Nicholas Johnson – Discussion on the current state of affairs in the Media – March 9, 1973 – Gordon Skene Sound Collection –

Television; the great promise of wonderful things through communication in the late 1940s. By the mid-fifties, a promise largely ignored. By the 1960’s, FCC Chairman Newton Minow issued his Vast Wasteland edict. By the 1970s Television was undergoing another metamorphosis by way of de-regulation. Those guidelines initially carved in stone in the 1930s, when then-fledgling Radio was in danger of falling off its own particular pedestal of promises was now in danger of selling itself out to America as a mouthpiece for crass commercialism. The FCC came into being and immediately set forth a series of laws and practices which effectively put a damper on turning radio into a minefield of low-common denominator and mass exploitation, for a time.

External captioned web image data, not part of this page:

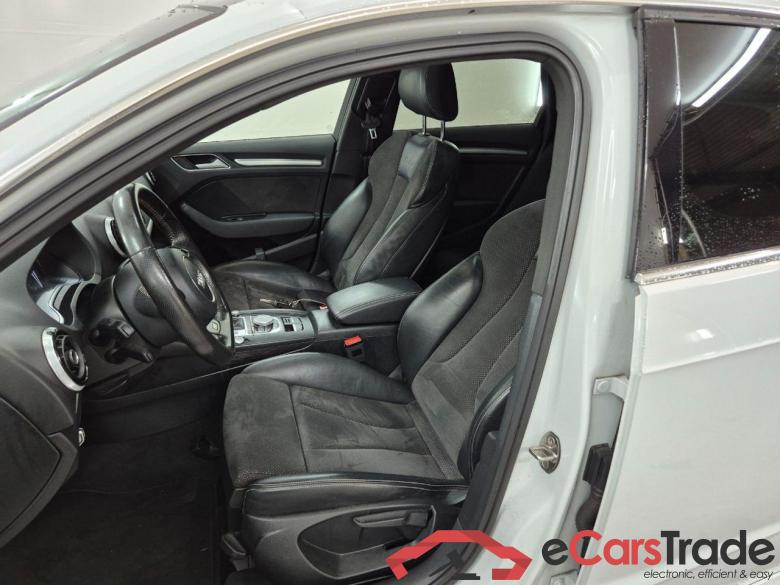 AUDI A3 SPORTBACK 1.4 e-tron PHEV Ambition Pro Line plus #5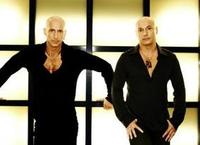 Advert Brings Right Said Fred Resurgence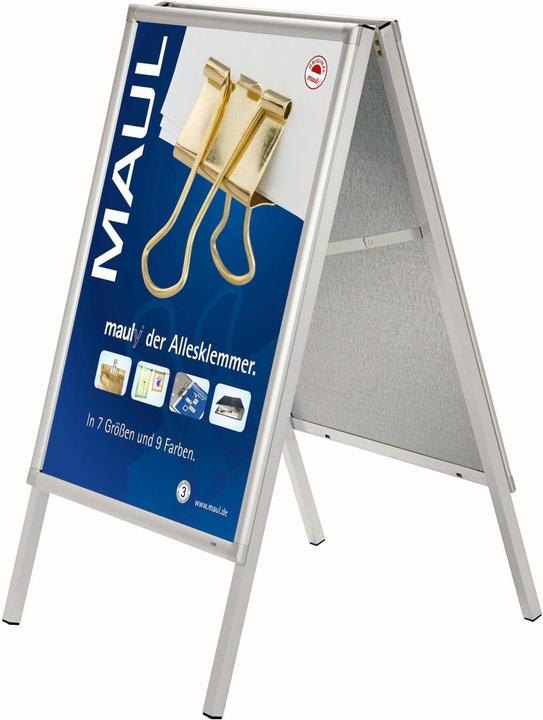 Image du produit Maul Bouchon client Maulpublic A1 (A1)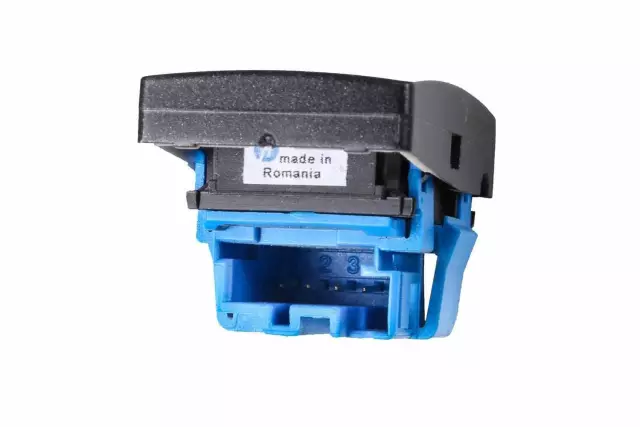 22933902 - Body: Alarm Switch for Cadillac: Escalade, Escalade ESV | Chevrolet: Suburban, Tahoe | GMC: Yukon, Yukon XL Image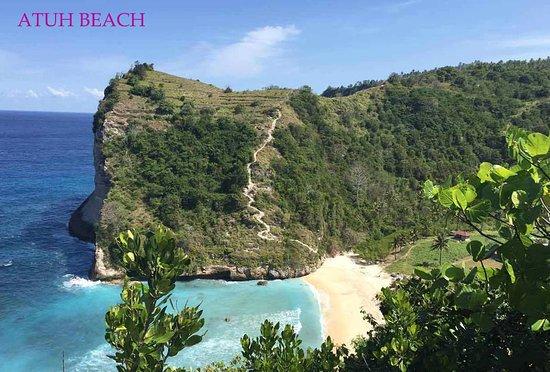 Amazing Nusa Penida Tour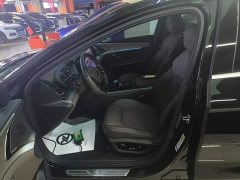 BYD Han EV Champion Edition 605KM FWD Luxury - ფოტო 15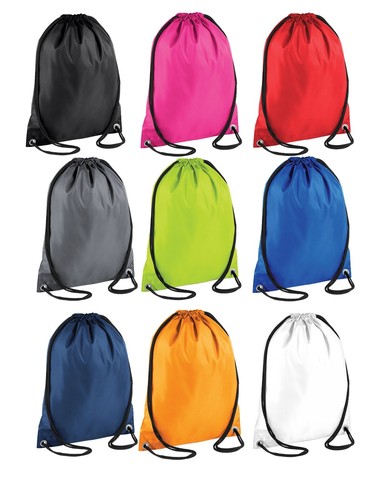 Bagbase school draw string gym - bagbase,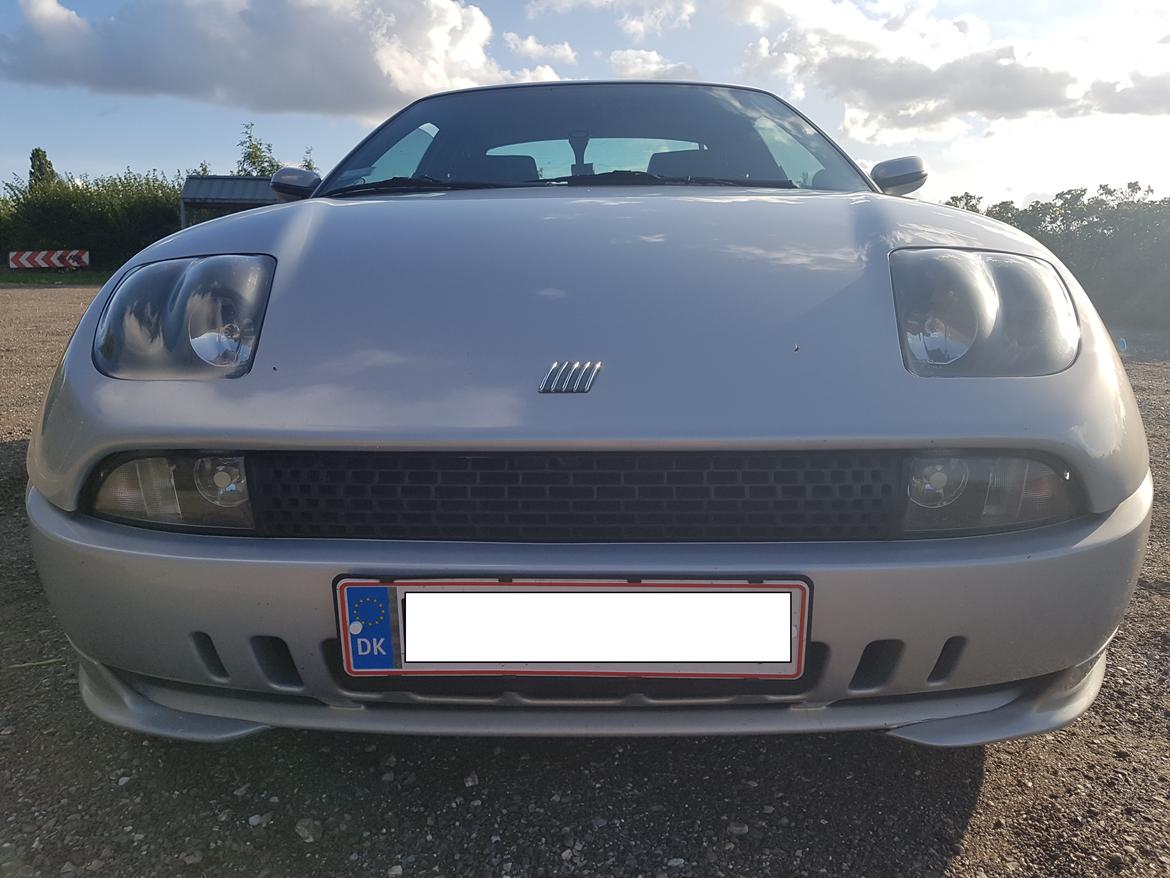 Fiat Coupe billede 13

By the late 1940s, Radio was losing its grip on the public – a new medium was evolving, bringing with it a whole new set of obstacles and problems which, by the 1960s prompted then-FCC Chairman Newton Minow to decry the state of media and to attempt some alternative in the guise of Public Broadcasting. It wound up becoming a double-edged sword in a way. Having a place where Education, Arts and non-commercial programming flourished, it took much of the pressure off the mainstream channels to fulfill their obligations to Public interest since, as many asserted, Public Broadcasting (or later to be known as PBS) was taking care of that set of obligations which were deemed to be outdated and no longer relevant. By the 1970s the movement was already afoot to pull the teeth out of the FCC by way of de-regulation of ownerships and obligations to Public Interest during the Nixon years. By the time the Reagan Administration took over in the 1980s, de-regulation was in full swing – with news departments at most all the major networks being folded into Entertainment Divisions, no longer the sacred domain of journalists and hard news, News was now considered entertainment, beholden to “the bottom line” and subjected to massive budget cuts rendering News departments subject to layoffs and bureaus to be shut as cost-saving measures. Restrictions on ownership were relaxed to the point that multi-national corporations could now acquire networks, and many networks were broken up and parceled off.

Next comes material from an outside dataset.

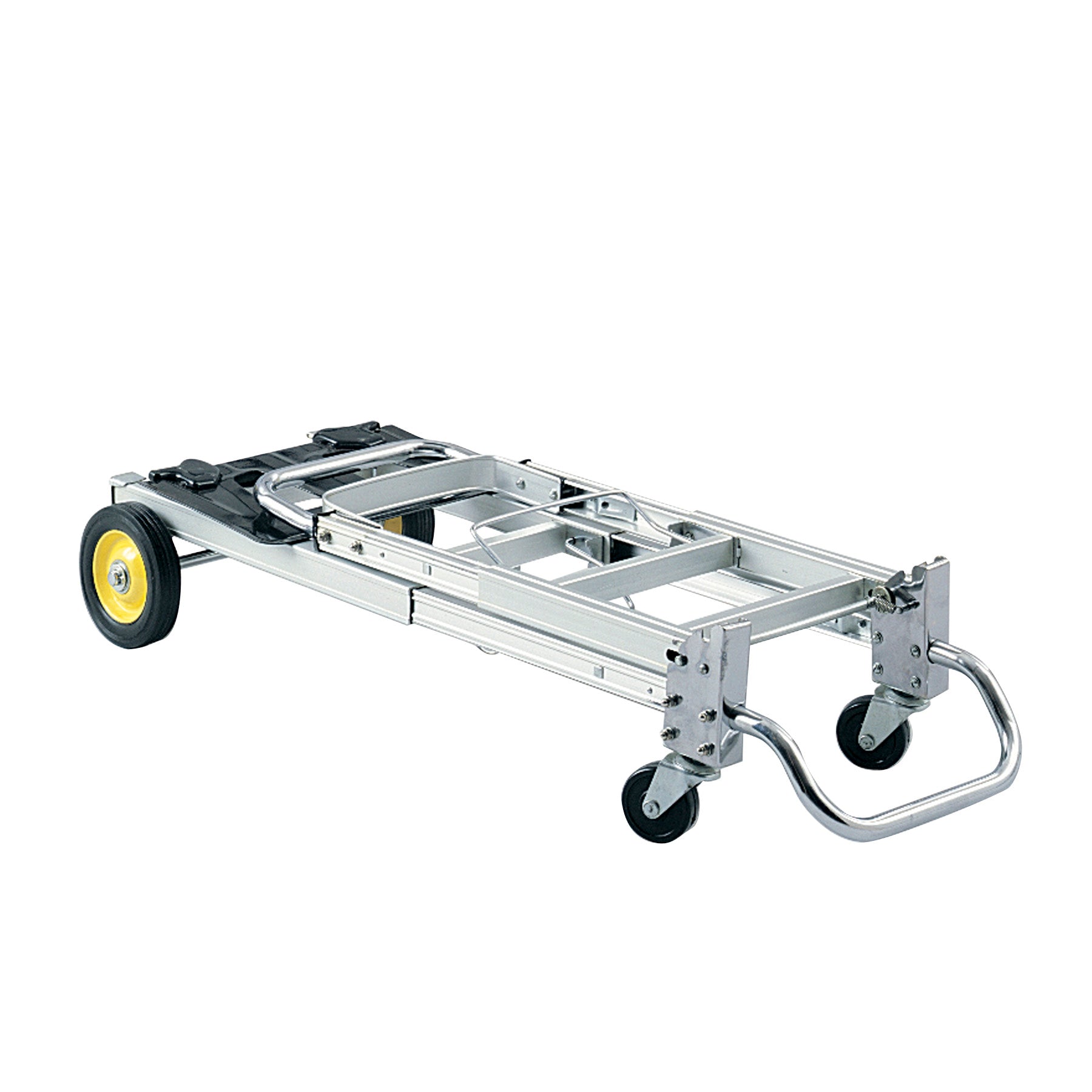 Handtruck Hideaway Convertible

But the dire events of the 1980s weren’t in full-swing during the time Nicholas Johnson was FCC Chairman. Johnson was considered by many to be a radical, determined to add teeth to FCC powers, not rendering them ineffective. But the role of FCC Chairman was/is a five-year term and Johnson’s began under LBJ and ended during the Nixon Presidency.

This address from Nicholas Johnson on Television and the media is as it was viewed from the perspective of 1973, certainly a far cry from what it became 50 years later. But you get some idea that communication has been an issue of importance for a very long time and how it has been affecting America and its sources of information is probably in more of a crisis mode now than it has ever been in our history.

Many of you may listen to this address and become wistful over the “good old days” of broadcasting – but even 50 years ago we had our worries. Perhaps what we were fearing then has come to fruition now. I think it’s a safe guess that it has.